The Cleveland Clinic Health System (CCHS) has a number of helpful articles about how unexpected events cause change, and then change causes stress. If you'd like to find a website that lists life events that cause stress, and ways to stop stress, in a clear, easy-to-remember list, Coping With Life's Stressors, on the CCHS website, is very good. CCHS even has an article called Coping With Holiday Stress which has suggestions for dealing with problems that come up at holiday time; for some people, holidays can be stressful times that cause a change in regular habits and routines. If you like "medical-sounding" language, The Phases of Stress, also by CCHS, explains the phases of stressors as their effects increase, and offers solutions to contend with each phase.

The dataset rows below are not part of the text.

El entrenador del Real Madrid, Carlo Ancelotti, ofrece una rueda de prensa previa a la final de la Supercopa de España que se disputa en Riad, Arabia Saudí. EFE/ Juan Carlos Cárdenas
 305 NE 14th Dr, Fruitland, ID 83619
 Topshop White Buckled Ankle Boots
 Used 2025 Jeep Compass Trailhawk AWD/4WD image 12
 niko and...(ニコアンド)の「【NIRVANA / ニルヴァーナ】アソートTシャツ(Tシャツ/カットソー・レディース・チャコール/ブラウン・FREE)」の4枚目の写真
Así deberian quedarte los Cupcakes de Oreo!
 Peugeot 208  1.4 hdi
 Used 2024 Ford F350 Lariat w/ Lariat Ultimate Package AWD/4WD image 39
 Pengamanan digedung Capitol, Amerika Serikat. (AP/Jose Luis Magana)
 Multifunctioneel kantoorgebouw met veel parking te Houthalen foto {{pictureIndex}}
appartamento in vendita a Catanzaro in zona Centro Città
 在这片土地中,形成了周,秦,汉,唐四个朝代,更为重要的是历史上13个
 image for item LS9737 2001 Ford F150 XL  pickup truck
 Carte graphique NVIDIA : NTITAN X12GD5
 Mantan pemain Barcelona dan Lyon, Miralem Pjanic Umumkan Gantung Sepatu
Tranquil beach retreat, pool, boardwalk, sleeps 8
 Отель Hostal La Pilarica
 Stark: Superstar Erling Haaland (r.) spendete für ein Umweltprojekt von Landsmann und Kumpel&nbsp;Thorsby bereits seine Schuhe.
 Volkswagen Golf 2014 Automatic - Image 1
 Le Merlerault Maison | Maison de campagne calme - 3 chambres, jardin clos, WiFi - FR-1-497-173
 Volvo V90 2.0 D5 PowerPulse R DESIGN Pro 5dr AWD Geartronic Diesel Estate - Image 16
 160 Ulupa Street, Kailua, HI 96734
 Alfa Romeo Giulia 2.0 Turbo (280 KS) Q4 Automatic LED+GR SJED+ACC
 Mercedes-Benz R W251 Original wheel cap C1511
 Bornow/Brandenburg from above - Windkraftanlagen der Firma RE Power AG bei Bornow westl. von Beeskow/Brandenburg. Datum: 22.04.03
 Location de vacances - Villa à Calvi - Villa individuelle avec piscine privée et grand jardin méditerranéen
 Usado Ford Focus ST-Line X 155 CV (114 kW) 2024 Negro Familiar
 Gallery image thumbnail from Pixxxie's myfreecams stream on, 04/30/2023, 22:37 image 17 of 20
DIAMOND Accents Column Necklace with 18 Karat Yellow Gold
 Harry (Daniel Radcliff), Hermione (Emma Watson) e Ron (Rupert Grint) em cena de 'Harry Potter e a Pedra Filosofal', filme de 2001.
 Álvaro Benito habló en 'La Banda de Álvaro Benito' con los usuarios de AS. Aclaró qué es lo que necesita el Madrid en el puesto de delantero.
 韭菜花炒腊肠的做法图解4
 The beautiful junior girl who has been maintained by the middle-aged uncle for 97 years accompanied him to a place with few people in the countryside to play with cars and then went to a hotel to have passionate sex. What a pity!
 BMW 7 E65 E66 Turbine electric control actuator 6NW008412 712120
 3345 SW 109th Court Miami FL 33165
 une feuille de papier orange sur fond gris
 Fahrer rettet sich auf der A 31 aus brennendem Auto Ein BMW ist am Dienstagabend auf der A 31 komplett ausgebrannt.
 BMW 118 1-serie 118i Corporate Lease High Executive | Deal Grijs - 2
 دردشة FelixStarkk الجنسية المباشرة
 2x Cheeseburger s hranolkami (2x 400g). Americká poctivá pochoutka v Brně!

Another idea on the Internet for coping when something unexpected happens comes from an article, Forgiveness and Spinal Cord Injury, in an online newsletter from the University of Michigan Medical School. It talks about a study that found something very interesting: people who have had a serious injury (which, of course, is a very stressful and unexpected life event) but who are willing to forgive themselves and forgive others, tend to feel better about their lives and to have better health than people who hold onto anger and stress. (Look for the article on page 7 of the newsletter.) An abstract of this research into forgiveness and stress reduction, Forgiveness linked to spinal cord injury rehab, which uses very technical language, is also available.

Any of these websites might be helpful for keeping in mind that no one can predict the unexpected, or stop unexpected things from happening, but people can change how they react to these unpleasant surprises. Remember: taking good care of your health is more important than ever during stressful times!

1 Maddi, S. R. (2004). Hardiness: An operationalization of existential courage. Journal of Humanistic Psychology, 44, (3), 279-298.

2 O'Connor, D. L, Young, J. M., & Saul, M. J. (2004). Living with paraplegia: Tensions and contradictions. Health & Social Work, 29, (3), 207-218.